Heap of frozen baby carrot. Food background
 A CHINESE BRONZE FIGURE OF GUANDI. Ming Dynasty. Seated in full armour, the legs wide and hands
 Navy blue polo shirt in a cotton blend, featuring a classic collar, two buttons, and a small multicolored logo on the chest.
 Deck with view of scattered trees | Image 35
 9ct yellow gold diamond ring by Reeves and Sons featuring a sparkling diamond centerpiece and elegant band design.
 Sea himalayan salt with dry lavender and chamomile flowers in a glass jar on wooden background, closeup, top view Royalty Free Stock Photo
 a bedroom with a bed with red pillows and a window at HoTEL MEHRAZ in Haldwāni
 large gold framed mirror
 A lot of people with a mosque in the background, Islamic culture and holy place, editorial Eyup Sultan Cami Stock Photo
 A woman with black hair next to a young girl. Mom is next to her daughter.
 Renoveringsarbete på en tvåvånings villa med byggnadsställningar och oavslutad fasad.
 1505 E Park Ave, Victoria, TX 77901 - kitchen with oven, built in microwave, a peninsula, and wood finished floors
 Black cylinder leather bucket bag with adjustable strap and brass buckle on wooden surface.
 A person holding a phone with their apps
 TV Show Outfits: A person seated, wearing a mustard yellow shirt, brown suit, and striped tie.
____________
Find "shirt" in the preceding records. Copy each line that holds it.

 Navy blue polo shirt in a cotton blend, featuring a classic collar, two buttons, and a small multicolored logo on the chest.
 TV Show Outfits: A person seated, wearing a mustard yellow shirt, brown suit, and striped tie.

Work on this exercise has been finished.